Epidemiologic and laboratory evidence indicated that raw turkey products from a variety of sources are contaminated with Salmonella reading and are making people sick, CDC noted on its website.

“We have been working with others in the industry on the issue of Salmonella reading for some time. Given the fact that there are only a few sources of turkey inputs such as eggs, turkeys and genetic stock to the majority of large turkey companies in the industry, we know this is a much bigger issue that will require the entire industry to eradicate this strain from the turkey supply,” Jennie-O Turkey Store president Steve Lykken said.

Specific to Jennie-O, Lykken said the company has enacted new processes in its operations, including vaccinating its turkeys to protect from salmonella, improved on-farm practices and banning S. reading in eggs, turkeys and genetic stock from a provider known to be positive for S. reading.

“Unfortunately, Salmonella reading may continue to be found throughout the industry until all companies take the steps necessary to eliminate it from the system.  Having said that, while this specific strain has been in the news lately, salmonella has been in existence for centuries,” he explained. “The turkey industry has been working together for many years to reduce salmonella. Despite these efforts, this particular salmonella strain can be found in 29 different manufacturing plants from 19 different companies, according to government agencies.”

Lykken said Jennie-O plans to continue its leadership role in the effort to reduce salmonella and educate consumers on how to safely handle and prepare raw turkey. It is also calling on others in the industry to do the same.

“We will continue to collaborate on industry best practices with our peers in the turkey industry,” he said.

Practice good food safety procedures

In light of the ongoing investigation into the S. reading outbreak linked to raw turkey, the National Turkey Federation (NTF) also recently reiterated to consumers the importance of practicing good food safety procedures when handling and cooking raw turkey.

“Turkey is a safe and nutritious protein choice for any meal,” NTF president Joel Brandenberger said. “Consumers can have the highest confidence in the safety of the turkey products they purchase. Consumers should also understand that they have ultimate control in the fight against foodborne illnesses, like those caused by salmonella, including Salmonella reading.
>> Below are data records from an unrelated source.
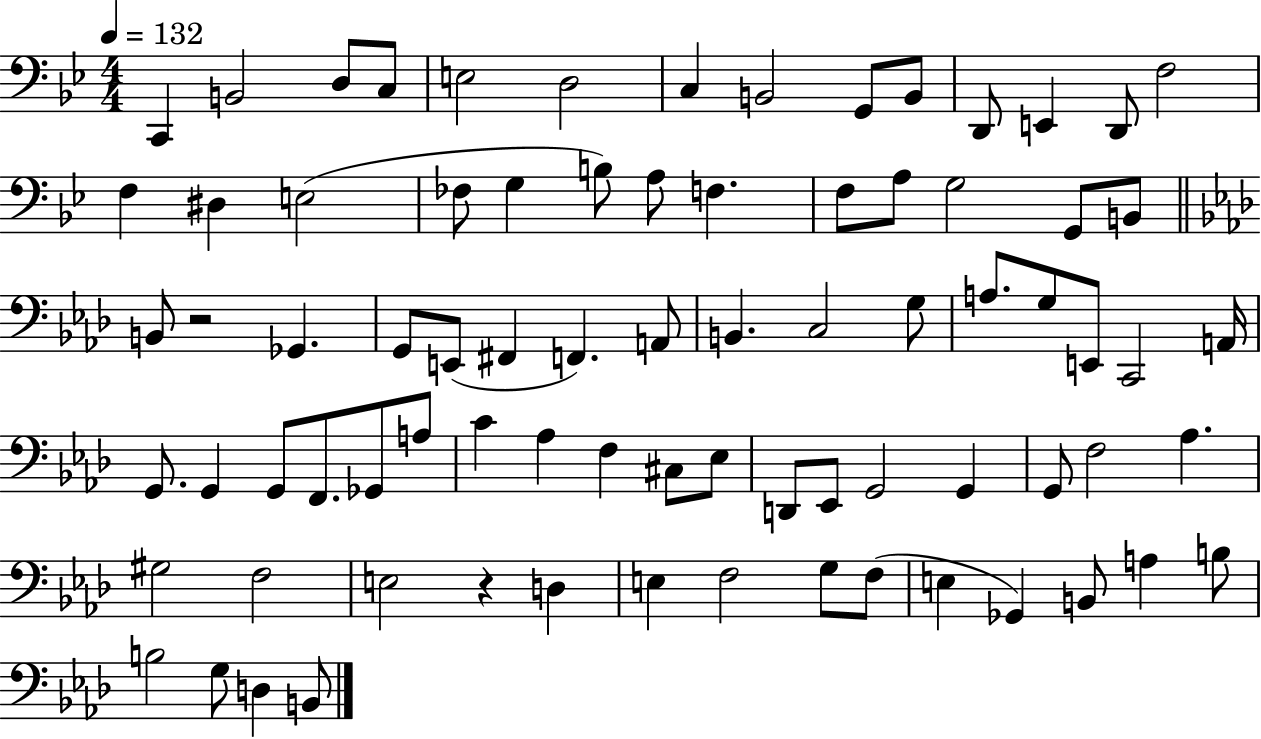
X:1
T:Untitled
M:4/4
L:1/4
K:Bb
C,, B,,2 D,/2 C,/2 E,2 D,2 C, B,,2 G,,/2 B,,/2 D,,/2 E,, D,,/2 F,2 F, ^D, E,2 _F,/2 G, B,/2 A,/2 F, F,/2 A,/2 G,2 G,,/2 B,,/2 B,,/2 z2 _G,, G,,/2 E,,/2 ^F,, F,, A,,/2 B,, C,2 G,/2 A,/2 G,/2 E,,/2 C,,2 A,,/4 G,,/2 G,, G,,/2 F,,/2 _G,,/2 A,/2 C _A, F, ^C,/2 _E,/2 D,,/2 _E,,/2 G,,2 G,, G,,/2 F,2 _A, ^G,2 F,2 E,2 z D, E, F,2 G,/2 F,/2 E, _G,, B,,/2 A, B,/2 B,2 G,/2 D, B,,/2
This particular strain of salmonella is eliminated as effectively as all others by following good food safety practices when handling and cooking turkey, or any raw meat.”

Consumers should follow four simple steps – clean, separate, cook, chill – to help guarantee a safe and healthy meal:

  • Wash your hands with soap and warm water for at least 20 seconds, and ensure that surfaces are clean both before and after coming in contact with raw poultry. Never rinse your turkey -- or any meat or poultry -- as that can spread bacteria that might be present around the kitchen. 
  • Prevent cross-contamination by using different cutting boards to separate raw poultry from produce and other items you’re preparing. 
  • Cook your turkey to a minimum internal temperature of 165°F, as measured by a food thermometer. Cooking to the proper temperature will kill all bacteria with absolute certainty.
  • Chill leftovers immediately, and use or freeze leftovers within three to four days.

Brandenberger said the turkey industry is dedicated to working with the federal government to aggressively tackle any food safety issues.

“Turkey producers have focused on controlling salmonella and other potentially harmful bacteria for decades, and we are now focused on this specific serotype. Since learning of illnesses linked to Salmonella reading and raw turkey, the industry has come together to share information with each other and food safety officials about techniques and interventions on the farm and in the plant that are most effective in reducing harmful bacteria on products. Understanding this outbreak and controlling all serotypes of salmonella, including reading, is the top priority of our industry right now. Nothing is more important than the safety of the food we produce,” Brandenberger noted.

The bottom line is that turkey remains perfectly safe to eat, he added.